Cuando se instala en la política, el dogmatismo deja de ser un pedante anacronismo para convertirse en arma y coraza, que se suma a los instrumentos físicos del poder para hacer prevalecer los puntos de vista de las elites dominantes.
Más por razones ideológicas y políticas que por un equivoco histórico, cuando se alude a esta especie de dogmatismo, se recuerda exclusivamente a los países del socialismo real y al stalinismo, en detrimento de los antológicos ejemplos de intolerancia que en la Europa de las luces y las cruces silenció las voces magnificas de Galileo, Bruno, Savonarola y Miguel Servet. Del mismo modo que el socialismo, el capitalismo dispone de una ideología oficial.
No obstante, la crítica a los males ajenos no alivia los propios ni exime de la responsabilidad de advertir que si bien ha perdido vigencia y es apenas una rémora, el dogmatismo es uno de los peligros que acecha al socialismo.
La idea de que el socialismo es una sociedad nueva, significa la introducción de cambios esenciales en las relaciones de producción y en las formas de propiedad, poner las instituciones estatales, el gobierno y el derecho a funcionar con criterios humanos y revolucionarios, sin incurrir en el maximalismo de pretender hacerlo todo nuevo y en el plazo de una generación.
Al asumir una posición nihilista y virtualmente descartar el conocimiento anterior, definiéndolo como antecedentes o fuentes teóricas, el pensamiento oficial soviético anuló la condición de ciencia social del marxismo y creó las condiciones para el imperio del dogmatismo. Los errores teóricos a que condujo el stalinismo fueron trasladados a los países liberados por el Ejército Rojo y al movimiento comunista internacional.
Lo trágico no fue la pretensión de imponer la interpretación soviética del marxismo como un pensamiento único, sino el carácter global de aquel credo referido a la naturaleza, la sociedad, el pensamiento y el conocimiento.
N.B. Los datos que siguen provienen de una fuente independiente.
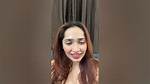Aditi Mistry - All Live Videos! Latest Streams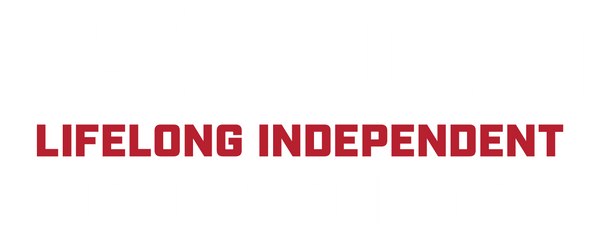 Osborn4Senate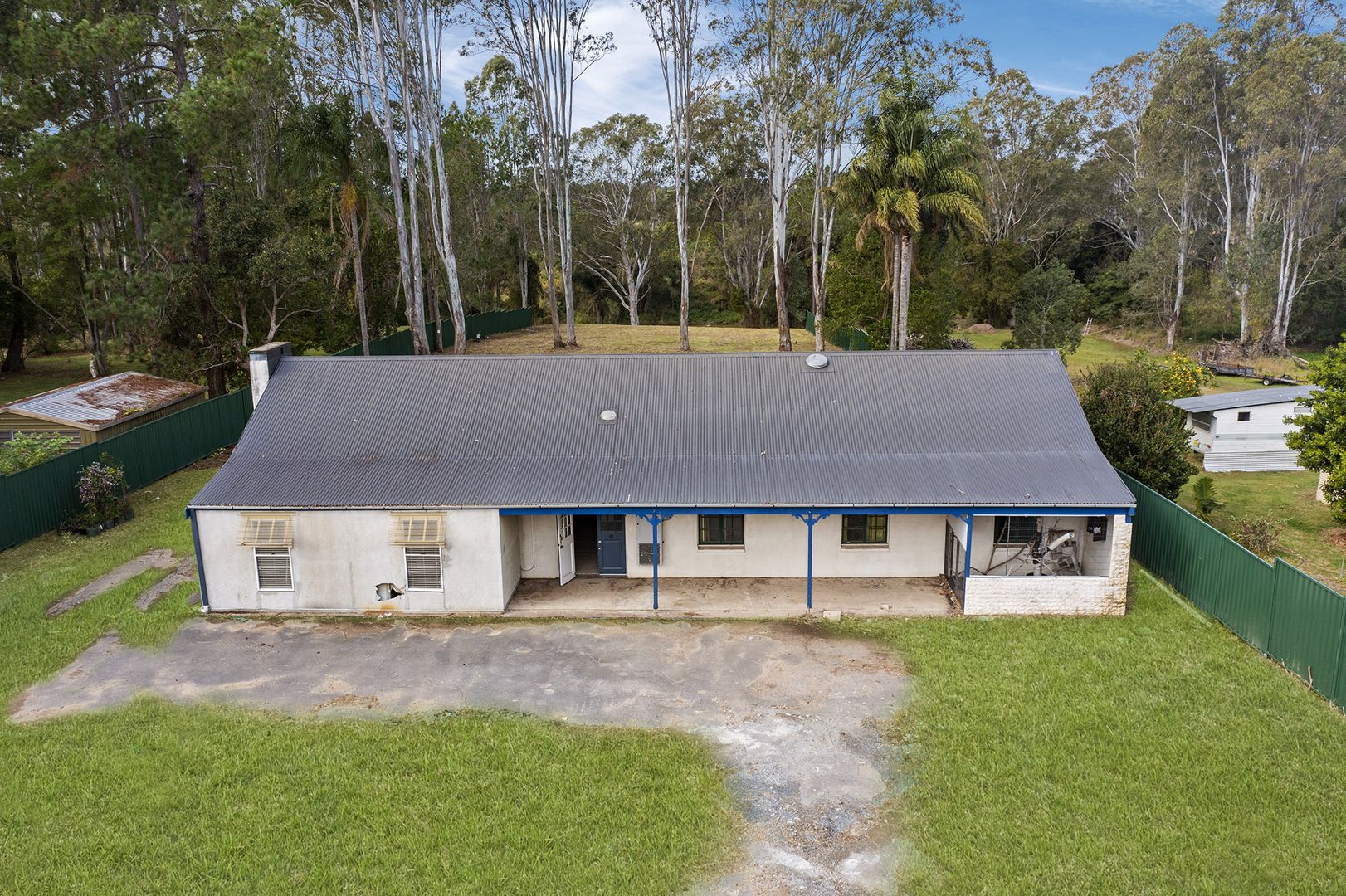 3-5 Logan Parade, Logan Reserve QLD 4133, Image 1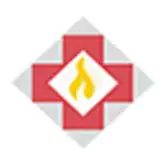 logo Surat Municipal Institute of Medical Education & Research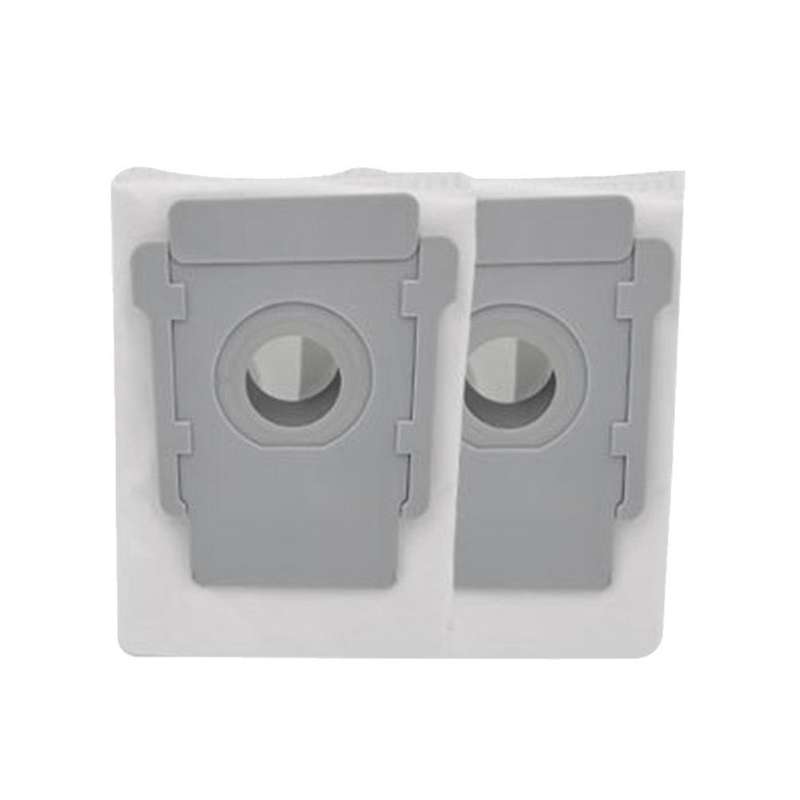 Sweeper Accessories Sweeping Robot Set for Irobot/ Ai Robert S9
Ser socialista dejó de ser una opción política para convertirse en un acto que implicaba asumir aquello que llamaban una concepción del mundo y que contemplaba desde el credo filosófico, la actitud crítica ante la religión hasta la aceptación del realismo socialista.
La imposición asumió cotas delirantes cuando consagró como leyes de la historia fenómenos coyunturales, como la colectivización de la agricultura o la emulación socialista; traumática al obligar a científicos sociales y académicos a fundamentarlas y difundirlas y se tornó muy peligroso al desplazarse al campo de la política, no sólo interna, sino internacional.
Aunque no hay y tal vez no haga falta un inventario completo de las deformaciones y los disparates a que aquel enfoque condujo, es pertinente recordar que conllevó a la dilapidación del enorme capital político que significó el respaldo popular al socialismo, no sólo en Rusia, sino incluso en la Europa desarrollada, donde los socialistas ingresaban a los gobiernos desde los años veinte, llegando hasta la década de los ochenta a constituir las principales fuerzas de oposición en países como Francia e Italia.
La alarma ante las actitudes dogmáticas debe darse en el momento mismo en que se pretenda que la fidelidad a una causa, es lo mismo que la obediencia a los funcionarios y los cuadros; cuando por cualquier excusa se anula el derecho a la duda y a pensar diferente, se excluye el debate, se omite la crítica y se manipula la verdad.
La revolución no teme a la herejía porque no es una fe que se asume de una vez y para siempre, sino una convicción que se renueva y se refuerza cada día.